Some 150 million people watched that moment worldwide, we were informed on O J Simpson: Caught on Camera (More4, Wednesday), and everyone in the States held a stake in the outcome because the former American football legend was a household name. Unlike the Belgians. Hey guys, where is Bell Jam anyway? In Europe? Where’s that then?

It would be a bit like David Beckham being put on trial for murdering Posh Spice, though one suspects the boot would be on the other foot in that instance. But the big difference was that “The Juice” was black and the polarity of opinion between Afro-Americans and whites was astonishing, like the fiercest sporting rivalry but a whole lot darker, as befitted the nature of a double murder trial.

As the black community celebrated his acquittal, the white Anglo-Saxon Protestants recoiled in disbelief and protested just as loudly.

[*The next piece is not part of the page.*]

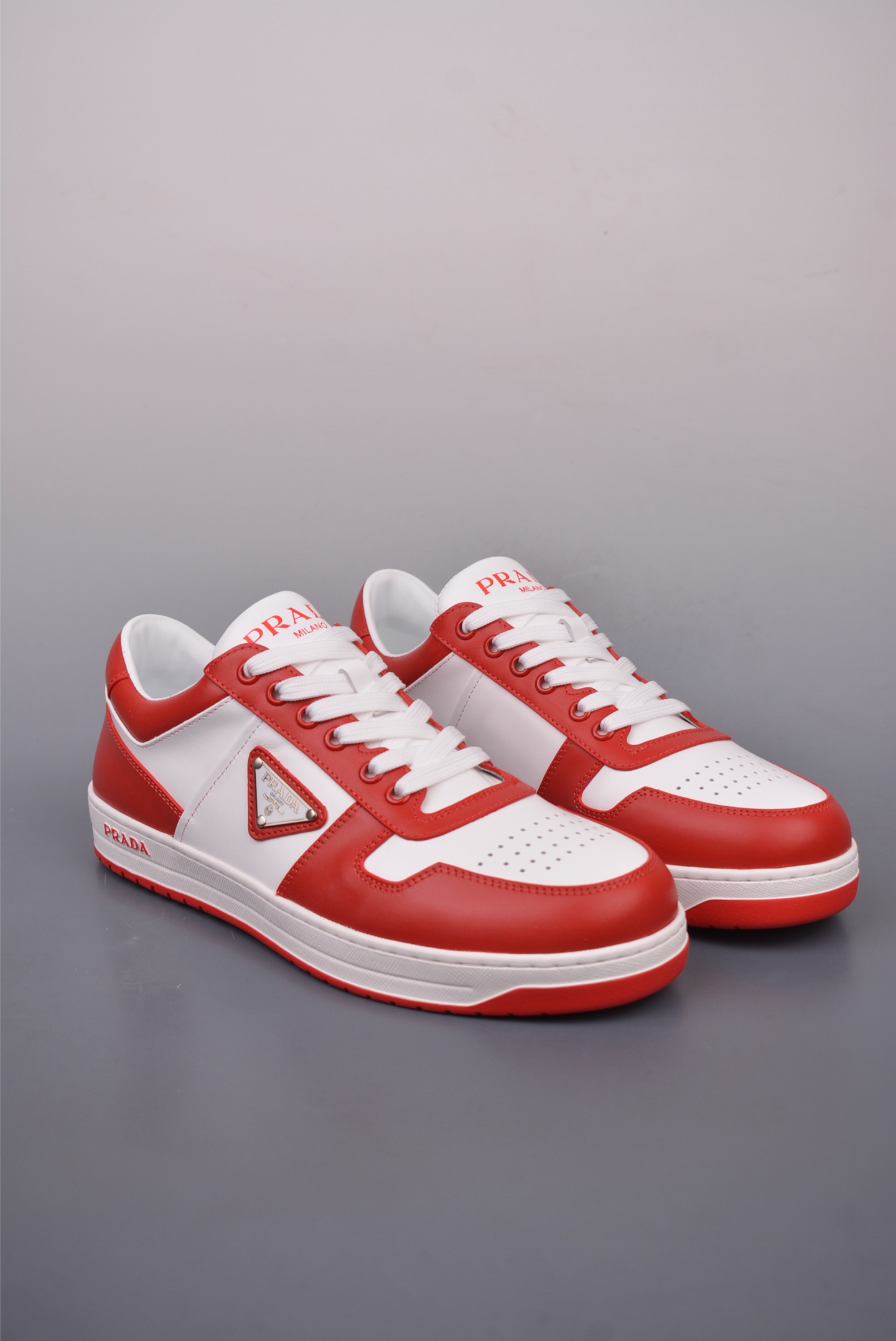 Prada Cloudbust Thunder triangle logo series sports shoes red and white 12062118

The trial by then had long turned from courtroom drama to televised farce with the Los Angeles Police Department witness Mark Fuhrman being discredited and disgraced as a racist.

The unhappy parallels with the Oscar Pistorius trial ongoing in South Africa are plain to see. In a country deeply divided along racial lines, the background to the murder trial is the white man’s fear of crime and feelings of literal insecurity as well as the figurative kind.

The victim, again, is a gorgeous blonde model. And the defendant, a role model who transcends his ethnicity, is portrayed as a man who could not control his feelings of rage. The differences, of course, are that Pistorius definitely killed his girlfriend, and almost everyone thinks he did it.

Looking back at the incredible circus that surrounded the O J trial, it is extraordinary how the story unfolded with the slowest car chase in history being played out live on television. In typically understated fashion we hear an anchorman describe the scene as a “modern tragedy and drama of Shakespearean proportions” – but for once the hyperbole was almost acceptable: even the business of O J trying on the glove that was too small for him was curiously like a touch of the Bard, a MacBeth dagger.

“This is insane, I’ve never seen anything like it,” said a reporter in a helicopter as O J turned carefully into his own driveway, followed by an absurd convoy of cop cars. “That’s the dog! Has he got a dog, Jimmy?” Are we all going barking mad?

There was some great footage in the programme, including the prosecutor Marcia Clark confronting a cameraman outside her home on the day of the verdict that cannot possibly be repeated on a Sunday morning.

O J let the side down by being banged up for 33 years for robbery, kidnapping, coercion and conspiracy in 2008. After the programme, Channel 4 were trailing their next searing exposé, tomorrow’s tale of the downfall of another US sporting icon in Lance Armstrong, The Armstrong Lie.

At least the Yanks have probably heard of the Tour de France. Just don’t tell them it starts in Yorkshire this year, that would really confuse them.